Le batteur a déjà enlevé son t-shirt et se retrouve torse nu que le concert n’a pas commencé. Il va effectivement faire très chaud : Black Cobra a décidé de rentrer immédiatement dans le vif du sujet et ne voudra jamais en ressortir. Le sludge du groupe prend ses aises hard core, le guitariste aligne des riffs sévèrement monstrueux tandis que le batteur percute en rafales. Il faudra juste un tout petit temps d’adaptation pour se faire au (relatif) dépouillement de la musique de Black Cobra après la luxuriance (assumée) de Saviours : le temps en fait de se rendre compte que l’on est plus là pour rigoler. Saviours donnait complètement envie de bouger alors que Black Cobra méduse tout le monde sur place -bon c’est vrai : il y a des amateurs complètement électrisés qui commencent à s’agiter dans le public mais pas moi- avec sa furie grandissante, impériale mais complètement maîtrisée. Ce n’est pas comme si les deux lâchaient les chiens et attendaient de voir ce qui se passe ensuite : leur effort sera soutenu, s’amplifiera, les parties lentes et (très) lourdes donneront le tournis, les accélérations -dont une intro à la limite du grind- donneront encore plus cette impression de spirale infernale.

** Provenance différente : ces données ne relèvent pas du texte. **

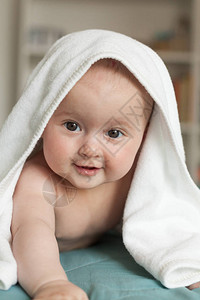可爱的婴儿躺在她的上在一条白毛巾图片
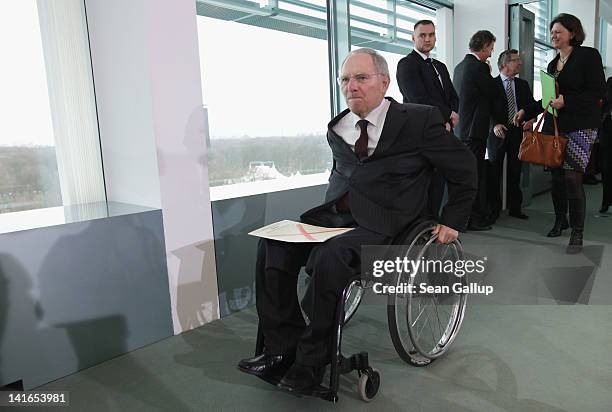 German Finance Minister Wolfgang Schaeuble arrives at the German government cabinet meeting on March 21, 2012 in Berlin, Germany. High on the...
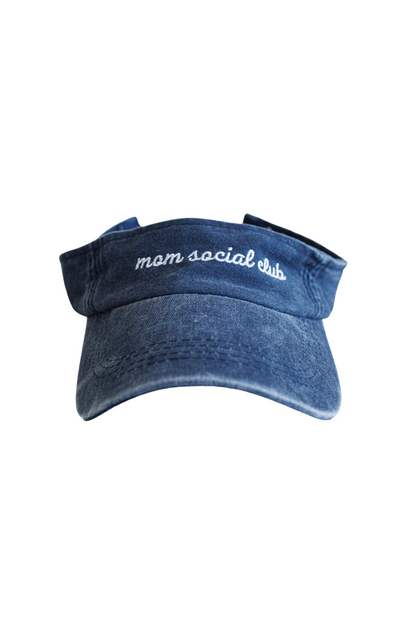 Washed and vintage style visor which is blue with words mom social club on it.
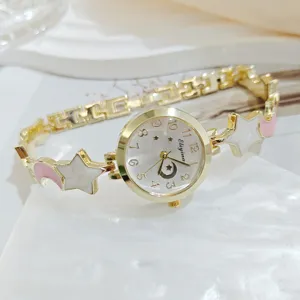 Close-up detail of luxury gold-tone women bracelet watch featuring star and moon charms.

Black Cobra enchaîne, la tonalité générale est à la rapidité, pas de temps à perdre, les quelques rares pauses entre les titres sont comblées par des boucles. Le guitariste ne se réaccorde pas, il a ce son typique et bloqué dans les graves, énorme encore une fois. Finalement, tout au long du set -court mais on s’en contentera vu l’intensité de la chose- c’est la lourdeur oppressante, limite glauque, qui primera mais dans une version maelstrom implacable. Aucune concession aux fioritures ni aux enluminures, une impression assez semblable à celle qu’avait pu me laisser Unsane la première fois que j’avais vu les new-yorkais (aux alentours de l’album Total Destruction) au millénaire précédent. Une très bonne expérience extrême et prenante. Ne ratez pas Black Cobra le jour où le groupe passera près de chez vous.